灼熱

文学・評論

『よむかも』な本の基本情報

  • 著者      :葉真中顕
  • 出版社   :新潮社
  • 定価      :2600円+税
  • 発売日   :2021年9月24日
  • 単行本   :672ページ
  • ISBN-10:4103542411
  • ISBN-13:978-4103542414

『よむかも』な本のポイント

  • 勝ち負け抗争を知ってるかい?
  • まさに現代の格差やフェイクニュースによる分断を思わせる。

『よむかも』な本のレビュー

  • 『灼熱』よむかも。
  • 太平洋戦争終結後の、ブラジルの日本人移民たち。
  • その中には「日本が勝った!」と信じる人たちが少なくない数いたって話。
  • そんな人たちは「負けた……」と事実を知り主張する人たちと対立!
  • 殺傷事件まで起きたんだって。
  • 前者を「戦勝派(のち勝ち組)」、後者を「認識派(のち負け組)」
  • いわゆる「勝ち負け抗争」を題材にした長編小説がこちら。
  • (「勝ち組」「負け組」のルーツがここに。

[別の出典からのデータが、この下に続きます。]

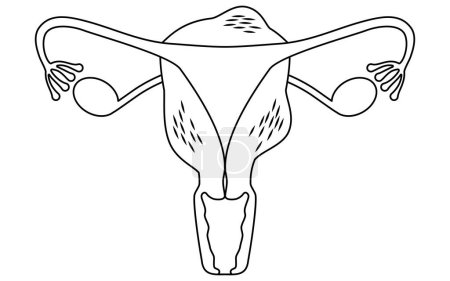 Diagrammatic illustration of adenomyosis, anatomy of the uterus and ovaries, Vector Illustration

知らなかった)
  • 主人公は二人。
  • 沖縄で生まれ大阪に移住、十二歳で養子縁組、ブラジルの弥栄村にきた勇。
  • その弥栄村で育った日本移民二世のトキオ。
  • 親友となった二人は自分たちの祖国は「日本帝国」だと教育されて育つ。
  • やがて村の中で格差による対立が生まれる。
  • トキオの家族は村を出ていかざるをえなくなる。
  • そして戦後、二人は意外な形で再会を果たすのだが――。
  • 人物造形、当時の社会の描き方が克明で、圧倒的なリアリティを感ずる。
  • 当時、日本の勝利を信じた人たちは、なぜデマを鵜呑みにしたのか。
  • 単に情報が遮断されていただけじゃない。
  • 詐欺師の暗躍があったり。
  • 天皇とマッカーサーが並んだ写真を、マッカーサーが謝りに来たと思ったり。
  • ミズーリ号上での降伏の調印式の映像を「米国側の降伏」だと説明されたり。
  • さまざまな要素があったとわかる。
  • 勝ち組は田舎にいて知的水準が低く、都市部インテリが多い負け組に劣等感。
  • それがバネとなり事実を認められなかったということも。
  • フェイクニュース、ネトウヨ、Qアノン――
  • 現在でもデマに惑わされる人はたくさんいる。はたして自分は大丈夫なのか?
  • 読みながら、勝ち組を知的な高みから見下そうとする心理はないか?
  • 今一度心を引き締めてくれる一冊。